UPDATE: Today (Oct. 15) markets are succumbing to escalating fears, with a taste of panic. Weakness in the Eurozone and concerns about Ebola seem to be the driving factors.


A longer-term chart for perspective:


Equity markets in long-term perspective:


9 comments:

William said...

WSJ: When it comes to producing millionaires, the U.S. still leads the pack

Between July 2013 and July 2014, the ranks of Americans with a net worth exceeding $1 million grew by 1.63 million, or more than one-third of the 3.84 million adults worldwide who saw their net worth exceed $1 million over that span, according to a new report on global wealth from Credit Suisse.

United States - 1629
United Kingdom - 478
France - 310
Germany - 243
Italy - 216
Australia - 106
Canada - 105
Japan - 91
China - 90
Spain - 89
Turkey - negative 8
Argentina - negative 9

http://blogs.wsj.com/economics/2014/10/14/where-do-the-worlds-wealthiest-people-live/?mod=WSJ_hp_EditorsPicks

Pretty amazing since we only ranked 12th behind CATO's Bastions of Economic Freedom.

Steve Fulton said...

Scott--any thoughts after today's numbers??

Steve Fulton

Scott Grannis said...

I didn't see anything scary in today's numbers. Retail sales took a dip, but they do that quite often; they are still up 3-4% over the past year. The PPI was a bit negative, but year over year inflation is still 1.5-2.0%. So I think we're just seeing an intensification of the fears associated with a Eurozone slowdown and the Ebola threat. Lots of emotions out there.

The plunge in oil prices is not a scary harbinger of deflation, it is a welcome breath of fresh air for most global economies. Energy is becoming more reasonably priced. It's bad for oil producers like Venezuela and Russia, where conditions are already dicey and likely to get much worse.

Steve Fulton said...

That was pretty much my thoughts.
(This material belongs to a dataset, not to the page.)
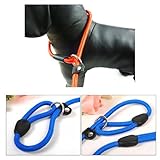 ChineOn Adjustable Nylon Dog Pet Rope Slip Training Leash Pet Collar Traction Rope(Blue)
I am long a fair amount of duration in both REITs and long munis. I was thinking of moving some of that risk out of duration and into stocks (mostly boring-high dividend stocks).

Unknown said...

Scott,

Given that I have a large position in the S&P 500 in both retirement and non-retirement and have a long investing horizon ..... would you sell and re-buy when things settle down or hold?

Thanks for the insights.

-Tyler

Scott Grannis said...

Re whether to sell or not: with a long time horizon I don't think it's wise to sell in the midst of a panic like this.

Scott Grannis said...

Re oil and deflation. The Fed is well aware that it cannot and should not attempt to control oil prices. That is why the Fed focuses on the PCE Core deflator, which is registering inflation of about 1.5%.

Also: people tend to forget that falling oil prices free up spending power that could result in higher prices for other things.

Anonymous said...

I think the fear is that consumers won't spend the money saved on lower energy prices and will save it instead.

Oh my gosh. Did you read Lockheed made a breakthrough in fusion? While that doesn't reflect directly on liquid transportation fuels, it is a harbinger of lower energy prices. Now for sure we will go into a deflationary spiral. (sarcasm alert)

Seriously, nothing could be better for the world, especially developing countries, than low cost energy from fusion. This story is the most optimistic thing I had read in a long time. It means the environmental hypocrites will have nothing to annoy us with any longer. No sarcasm.

Scott Grannis said...

Thanks for the Lockheed news. Sooner or later, it seems, we'll have fusion power, and that would indeed change the future in incalculable ways. Never underestimate man's ingenuity.

For that reason alone I remain a rational optimist.

As for consumers saving and that being a bad thing: people seem to ignore the fact that all money saved (at least the part that isn't stuffed under a mattress) must perforce be spent by the person who is the recipient of the savings.

Savings is not necessarily good or bad. What matters is how the money saved is spent: is it spent productively or not?